No escapamento foi retirado o silenciador traseiro, substituído por dois abafadores mais uma ponteira-monstro americana, que também é um abafador. Ficou um ruído grave, gostoso, sem gritaria, até parece que ela “tem mais motor”.
Salão de beleza
A Corsínea foi para a funilaria e pintura. Ia ser pintado o capô e o teto (com o verniz descamando) e refeita funilaria em torno da lanterna traseira (lado do motorista), que havia sido consertada por um suíno que escapou de virar bacon. De quebra, mandei pintar as rodas de prata (colocando umas calotinhas) pois rodas em preto, para mim, são piores que escutar música de corno a todo volume. O dono do salão de beleza (ou funilaria e pintura) é um apaixonado por celulares.

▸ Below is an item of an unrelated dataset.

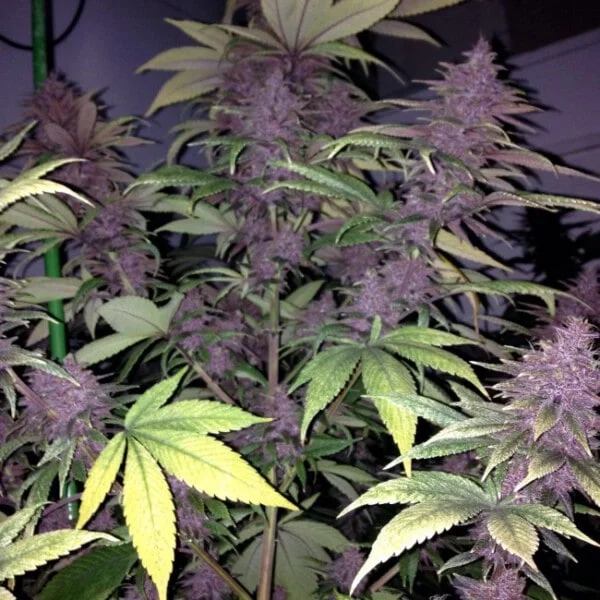 Violeta Feminized - ACE Seeds - Image 4
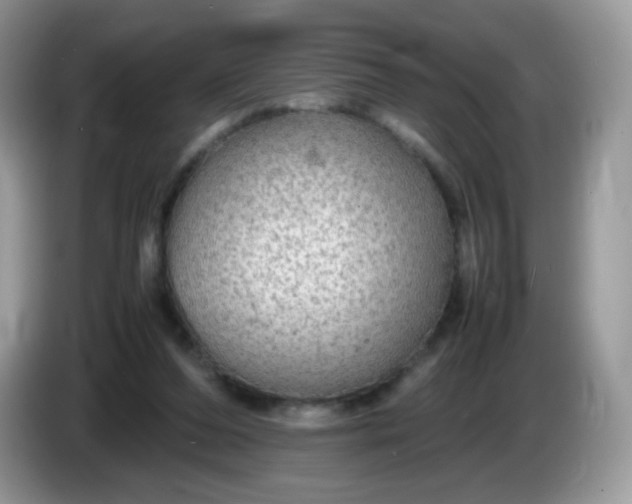 X0000086230208200704121921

Mesmo passando bastante na oficina para acompanhar o serviço, ele manda diariamente relatórios virtuais. Fotos e vídeos com os títulos: lixando, preparando, pintando… Chegaram fotos com a Corsínea pintada. Cinco minutos depois, uma mensagem: “ficou uma b…, vou pintar inteira”. Lembram de uma das leis do Karma que fala que malucos atraem malucos. Pois é, não perguntou se eu queria, se iria pagar. Simplesmente pintou a Corsínea toda. De quebra, claro, vieram faróis, lanternas, frisos, emblemas… tudo novo. As lanternas traseiras também são baratas, pois são comuns ao hatch quatro-portas e wagon. Ganhou mais um acessório, uma capota marítima. Ninguém merece chegar de viagens com malas alagadas.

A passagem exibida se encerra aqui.